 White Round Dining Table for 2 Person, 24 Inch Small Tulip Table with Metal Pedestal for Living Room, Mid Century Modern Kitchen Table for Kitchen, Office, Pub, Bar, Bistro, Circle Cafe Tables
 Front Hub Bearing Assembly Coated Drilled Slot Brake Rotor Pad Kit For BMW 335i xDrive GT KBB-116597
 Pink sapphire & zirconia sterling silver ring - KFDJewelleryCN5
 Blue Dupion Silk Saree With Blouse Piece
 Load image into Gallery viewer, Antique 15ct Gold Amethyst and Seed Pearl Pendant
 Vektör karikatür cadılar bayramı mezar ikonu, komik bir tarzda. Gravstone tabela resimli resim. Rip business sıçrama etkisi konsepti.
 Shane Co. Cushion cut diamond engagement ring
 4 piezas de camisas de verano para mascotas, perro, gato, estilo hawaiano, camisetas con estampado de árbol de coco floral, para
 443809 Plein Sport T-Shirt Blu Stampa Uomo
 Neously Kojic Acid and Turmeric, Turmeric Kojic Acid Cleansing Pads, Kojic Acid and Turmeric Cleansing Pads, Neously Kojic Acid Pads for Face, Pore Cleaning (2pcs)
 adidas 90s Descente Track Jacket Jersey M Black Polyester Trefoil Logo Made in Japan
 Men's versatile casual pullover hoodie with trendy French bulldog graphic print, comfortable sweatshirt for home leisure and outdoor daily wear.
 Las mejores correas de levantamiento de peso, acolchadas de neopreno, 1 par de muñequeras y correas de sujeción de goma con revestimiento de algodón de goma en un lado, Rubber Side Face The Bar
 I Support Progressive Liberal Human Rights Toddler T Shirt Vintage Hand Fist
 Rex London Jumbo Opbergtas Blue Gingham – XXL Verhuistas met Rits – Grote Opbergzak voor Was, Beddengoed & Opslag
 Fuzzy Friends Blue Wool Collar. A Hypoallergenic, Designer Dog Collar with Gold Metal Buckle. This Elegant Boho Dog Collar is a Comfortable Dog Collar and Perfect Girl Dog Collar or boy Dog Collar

----------------------------------------

* [Work task]:
Every line from the first through the one containing "Neously Kojic Acid and" in the listing above must be given again exactly, with nothing else alongside.

* [Solution to the exercise]:
 White Round Dining Table for 2 Person, 24 Inch Small Tulip Table with Metal Pedestal for Living Room, Mid Century Modern Kitchen Table for Kitchen, Office, Pub, Bar, Bistro, Circle Cafe Tables
 Front Hub Bearing Assembly Coated Drilled Slot Brake Rotor Pad Kit For BMW 335i xDrive GT KBB-116597
 Pink sapphire & zirconia sterling silver ring - KFDJewelleryCN5
 Blue Dupion Silk Saree With Blouse Piece
 Load image into Gallery viewer, Antique 15ct Gold Amethyst and Seed Pearl Pendant
 Vektör karikatür cadılar bayramı mezar ikonu, komik bir tarzda. Gravstone tabela resimli resim. Rip business sıçrama etkisi konsepti.
 Shane Co. Cushion cut diamond engagement ring
 4 piezas de camisas de verano para mascotas, perro, gato, estilo hawaiano, camisetas con estampado de árbol de coco floral, para
 443809 Plein Sport T-Shirt Blu Stampa Uomo
 Neously Kojic Acid and Turmeric, Turmeric Kojic Acid Cleansing Pads, Kojic Acid and Turmeric Cleansing Pads, Neously Kojic Acid Pads for Face, Pore Cleaning (2pcs)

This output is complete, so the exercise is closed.